# Most cross-gen games will have cross-gen season passes for DLC, it turns out



## Ares (Nov 23, 2009)

*Most cross-gen games will have cross-gen season passes for DLC, it turns out*

Earlier today, Activision announced that if you purchase a season pass for Call of Duty: Ghosts DLC on Xbox 360 or PS3, you will be able to transfer those licenses to their successors if you upgrade at some point and also buy the game again. Then DICE announced an identical plan for Battlefield 4. And now Microsoft says these cross-gen passes will be standard for many, if not most or all, cross-gen titles.



Dubbing this concept the “Season Pass Guarantee program,” they say that if you buy a season pass for “participating” Xbox 360 games you will get one for Xbox One as well, though you’ll need a fresh copy of the game to use it should the opportunity arise.

Microsoft also says that Activision, EA and Ubisoft are all going to be doing this. Those publishers are pulling most of the wight on cross-gen. Square Enix and Bethesda are the only other core publishers with cross-gen games, but they don’t do season passes and so their exclusion shouldn’t be considered alarming.

The chances of any given person actually needing to do this are pretty small, but it’s good that they would avoid this roadblock. 

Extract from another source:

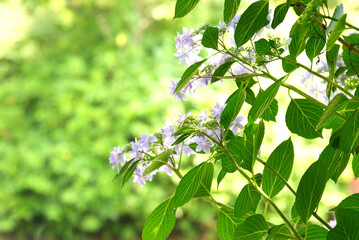 紫陽花の葉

Given that the Battlefield 4 announcement of this deal made specific mention of this offer also being good for moving from PS3 to PS4, it’s probably safe to assume this will be a standard practice on that side of the war as well.

Source: VG24/7


----------



## DjPerfectTrip (Jul 7, 2012)

Ares said:


> *
> The chances of any given person actually needing to do this are pretty small, but it’s good that they would avoid this roadblock.
> *


*
This +1. I suppose it is possible, but like you said it'll probably be few and far in between where this will need to get used.*


----------